Ces dernières semaines, les frappes aériennes se sont multipliées au-dessus de la plus grande ville du Darfour, visant en particulier son aéroport, bastion stratégique des paramilitaires. Début mai, un avion-cargo venu ravitailler les troupes des FSR y avait déjà essuyé des tirs à l’atterrissage, selon une source militaire.
Dans un rapport publié mercredi, Human Rights Watch (HRW) dénonce les frappes aériennes « indiscriminées » des troupes du général Al-Bourhane contre des quartiers résidentiels et commerciaux de Nyala entre novembre 2024 et février 2025. Selon l’ONG, ces attaques ont tué de nombreux civils, y compris des femmes et des enfants, et provoqué des déplacements massifs de population. HRW affirme que le 3 février, l’armée a largué cinq bombes non guidées sur des zones densément peuplées. Selon Médecins sans frontières, au moins 32 personnes ont été tuées ce jour-là.
L’ONG Armed Conflict Location & Event Data (Acled), spécialisée dans la collecte de données dans les zones de conflit, a recensé « 41 jours de frappes aériennes à Nyala, dont plusieurs frappes par jour », entre décembre 2024 et février 2025, selon le rapport de HRW. Des images satellites analysées par Humanitarian Research Lab (HLR) de l’université Yale ont récemment montré la présence de six drones de fabrication chinoise dans l’aéroport de Nyala, « capables de surveillance et de frappes à longue portée », selon HLR.

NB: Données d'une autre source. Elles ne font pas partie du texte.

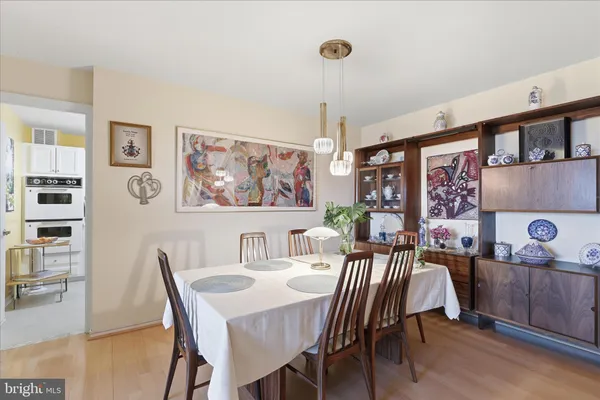 $495,000 | 8360 Greensboro Drive, Unit 1003, McLean, VA 22102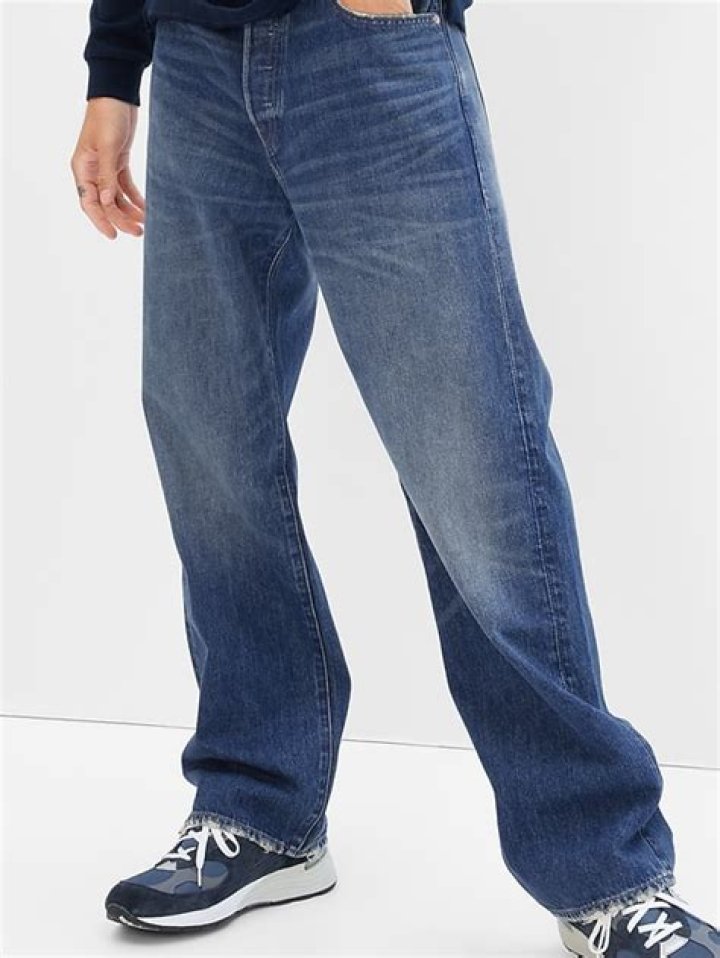 Discovering the Timeless Appeal of 90s Loose Jeans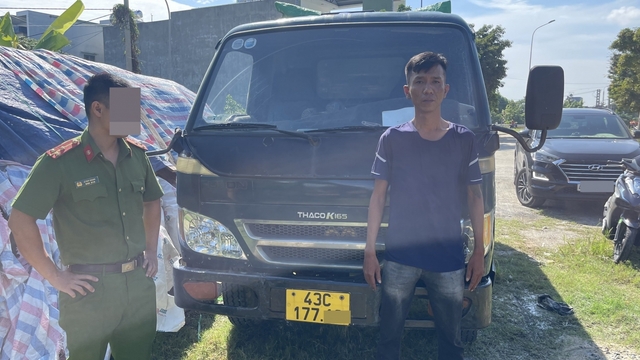 Bắt đối tượng trộm ô tô tải của người dân đỗ bên đường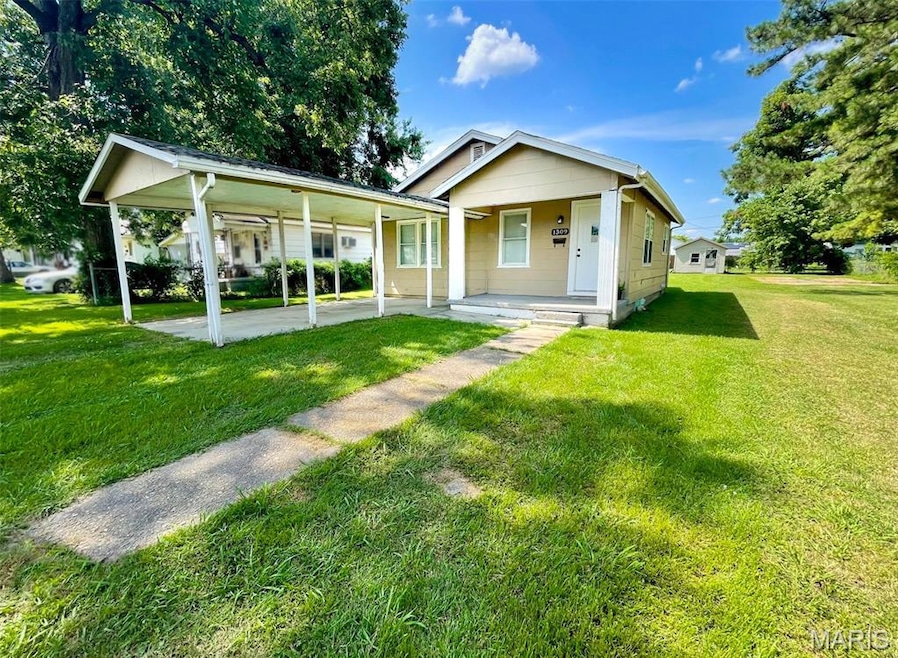 1309 E Oak St, Dexter, MO 63841 - photo 1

Ravagé par la guerre, la famine et le regain du choléra, le Soudan est aujourd’hui morcelé : l’armée contrôle le nord, l’est et le centre du pays, tandis que les FSR tiennent certaines parties du Sud et la quasi-totalité du Darfour, une région vaste comme la France. La guerre a fait des dizaines de milliers de morts, des millions de déplacés et provoqué « la plus grande crise humanitaire actuelle », selon l’ONU.
Le gouvernement soudanais accuse régulièrement les Emirats arabes unis d’armer les FSR. Abou Dhabi a toujours nié toute implication malgré plusieurs rapports d’experts de l’ONU et d’organisations internationales. Les paramilitaires, eux, accusent leur adversaire de bénéficier du soutien de l’Egypte, ce que Le Caire a également démenti par le passé.